-------- Provided material

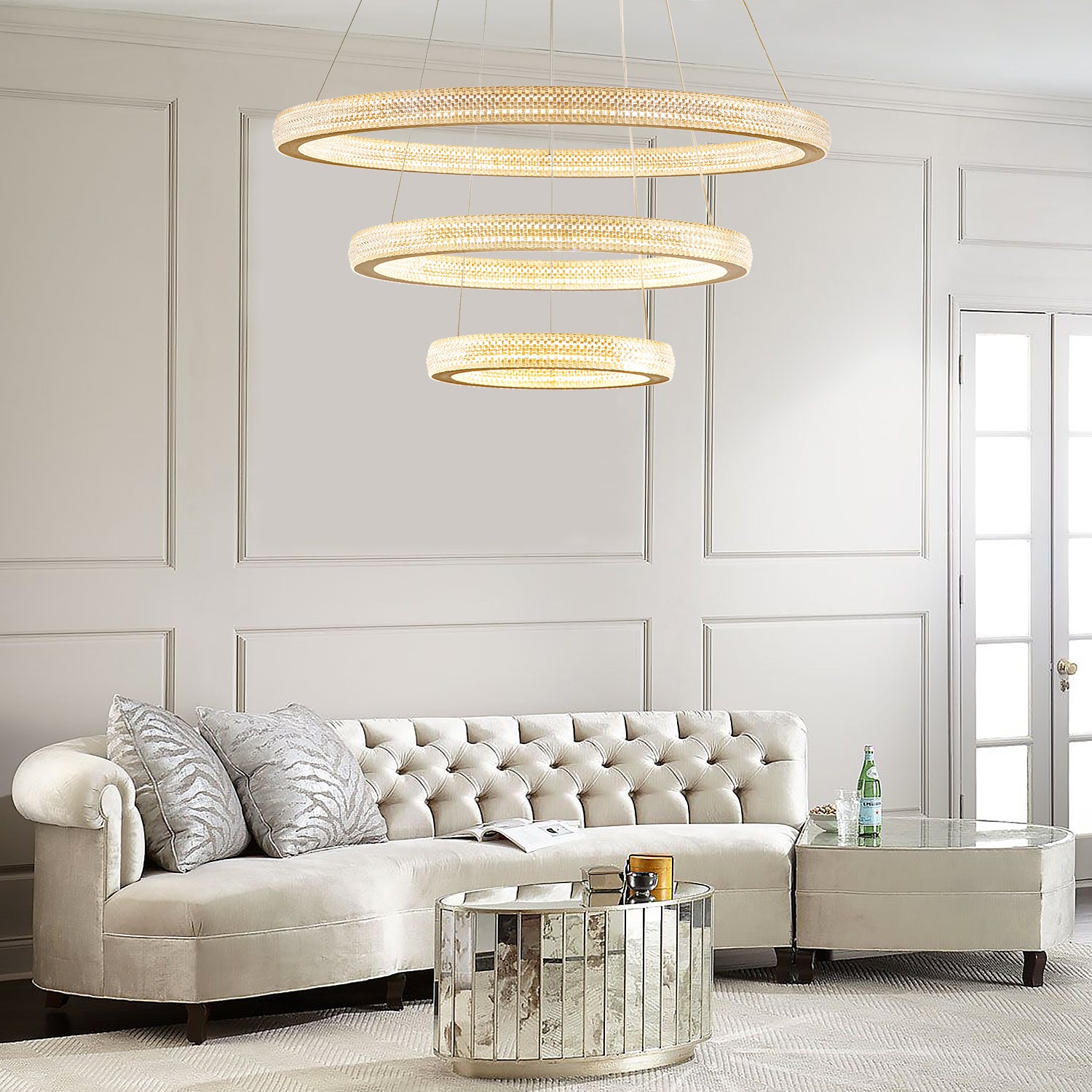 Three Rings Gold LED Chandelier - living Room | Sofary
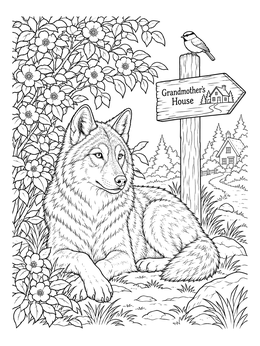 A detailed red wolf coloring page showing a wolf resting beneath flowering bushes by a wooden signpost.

----------------
-------- Provided material

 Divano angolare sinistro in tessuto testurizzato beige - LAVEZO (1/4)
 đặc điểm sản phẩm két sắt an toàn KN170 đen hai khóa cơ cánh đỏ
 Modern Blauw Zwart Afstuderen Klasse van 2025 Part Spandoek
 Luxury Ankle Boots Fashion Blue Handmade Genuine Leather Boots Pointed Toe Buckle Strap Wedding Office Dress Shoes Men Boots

----------------
-------- Provided material

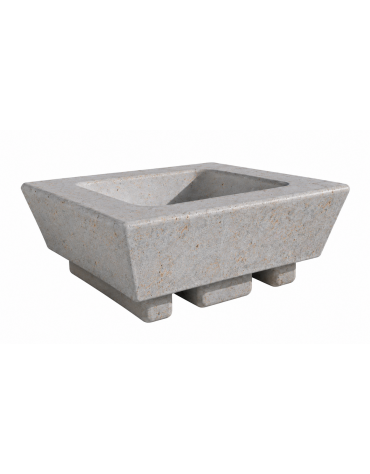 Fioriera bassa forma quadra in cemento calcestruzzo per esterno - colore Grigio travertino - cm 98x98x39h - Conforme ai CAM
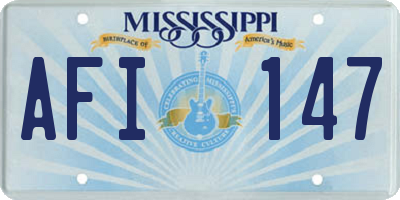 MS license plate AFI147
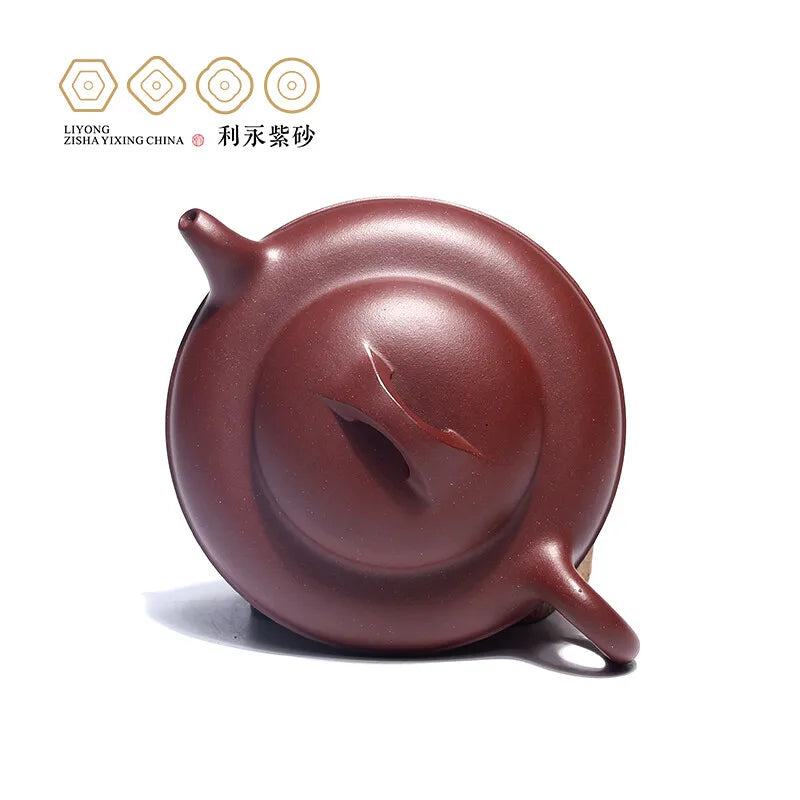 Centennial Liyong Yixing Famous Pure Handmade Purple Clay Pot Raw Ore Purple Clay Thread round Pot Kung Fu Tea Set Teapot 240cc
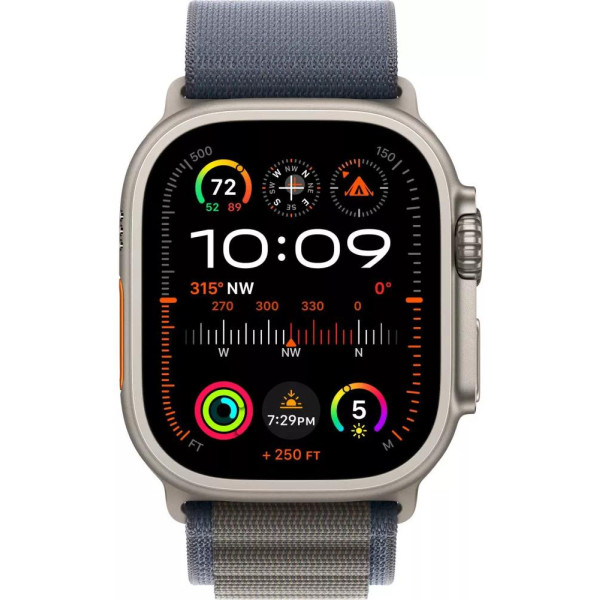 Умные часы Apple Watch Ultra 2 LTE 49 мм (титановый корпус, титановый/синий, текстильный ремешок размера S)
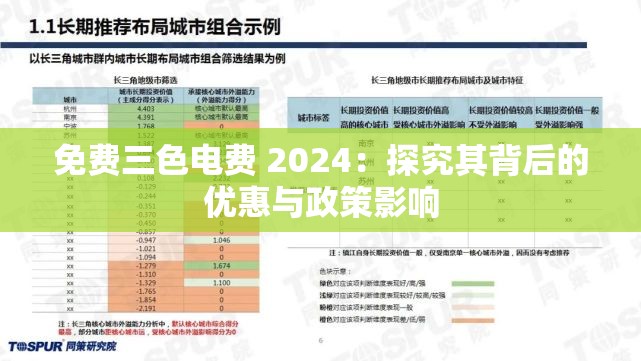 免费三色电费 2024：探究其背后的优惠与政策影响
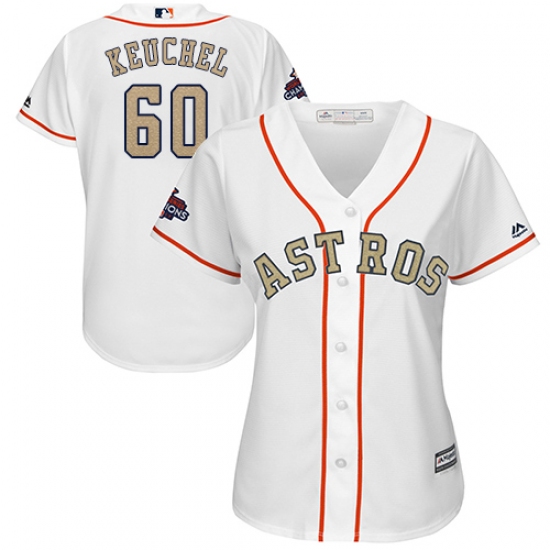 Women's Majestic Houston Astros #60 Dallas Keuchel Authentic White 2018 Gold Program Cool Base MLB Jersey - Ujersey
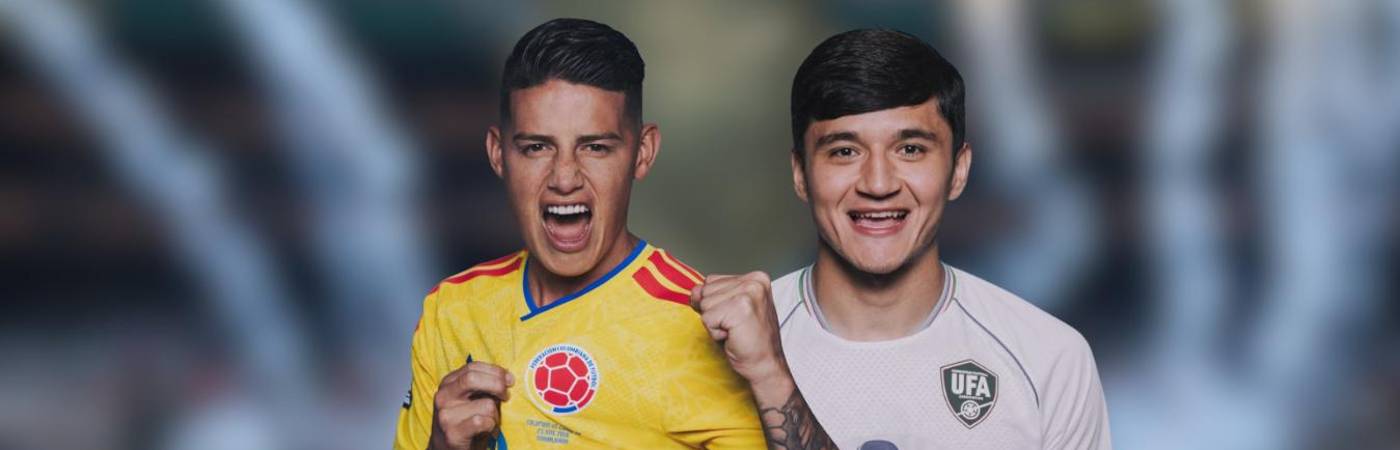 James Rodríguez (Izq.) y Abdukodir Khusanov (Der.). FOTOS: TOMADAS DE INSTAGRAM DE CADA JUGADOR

----------------

Copy needed, without pictures: the lines of the listing above from the line containing "Centennial Liyong Yixing" up to and including the line containing "James Rodríguez (Izq.)", set down exactly.

 Centennial Liyong Yixing Famous Pure Handmade Purple Clay Pot Raw Ore Purple Clay Thread round Pot Kung Fu Tea Set Teapot 240cc
 Умные часы Apple Watch Ultra 2 LTE 49 мм (титановый корпус, титановый/синий, текстильный ремешок размера S)
 免费三色电费 2024：探究其背后的优惠与政策影响
 Women's Majestic Houston Astros #60 Dallas Keuchel Authentic White 2018 Gold Program Cool Base MLB Jersey - Ujersey
 James Rodríguez (Izq.) y Abdukodir Khusanov (Der.). FOTOS: TOMADAS DE INSTAGRAM DE CADA JUGADOR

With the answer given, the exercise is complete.